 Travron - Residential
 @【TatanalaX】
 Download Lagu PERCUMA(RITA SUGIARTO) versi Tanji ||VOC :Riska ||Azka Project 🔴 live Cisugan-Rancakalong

* * *

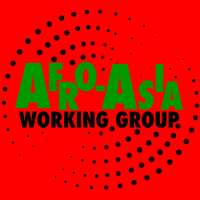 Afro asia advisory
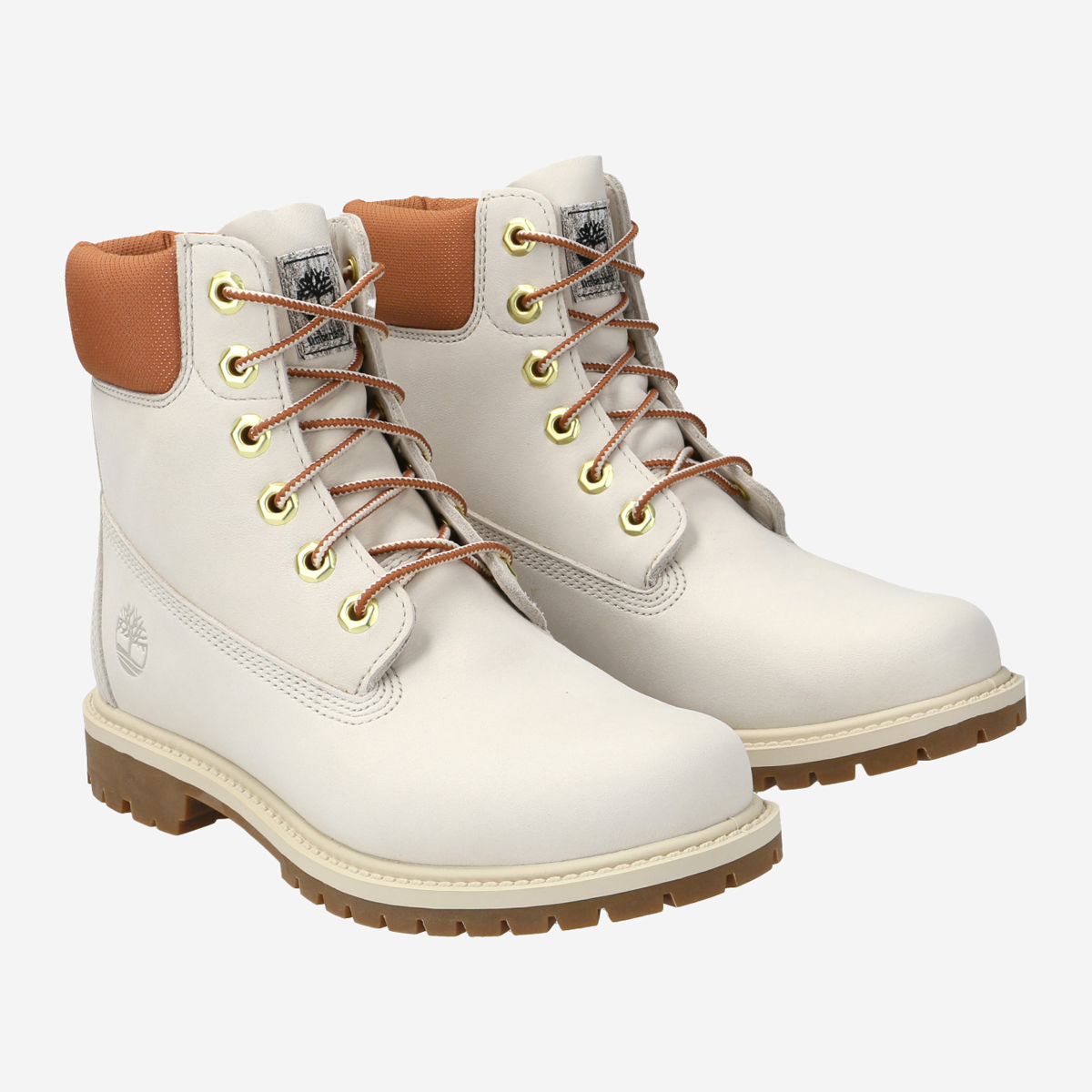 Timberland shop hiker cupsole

# Activity:
Give back, exactly as written, the stretch from the line with "Travron - Residential" through the line with "Download Lagu PERCUMA(RITA", and no other lines from the records above.

# Task response:
 Travron - Residential
 @【TatanalaX】
 Download Lagu PERCUMA(RITA SUGIARTO) versi Tanji ||VOC :Riska ||Azka Project 🔴 live Cisugan-Rancakalong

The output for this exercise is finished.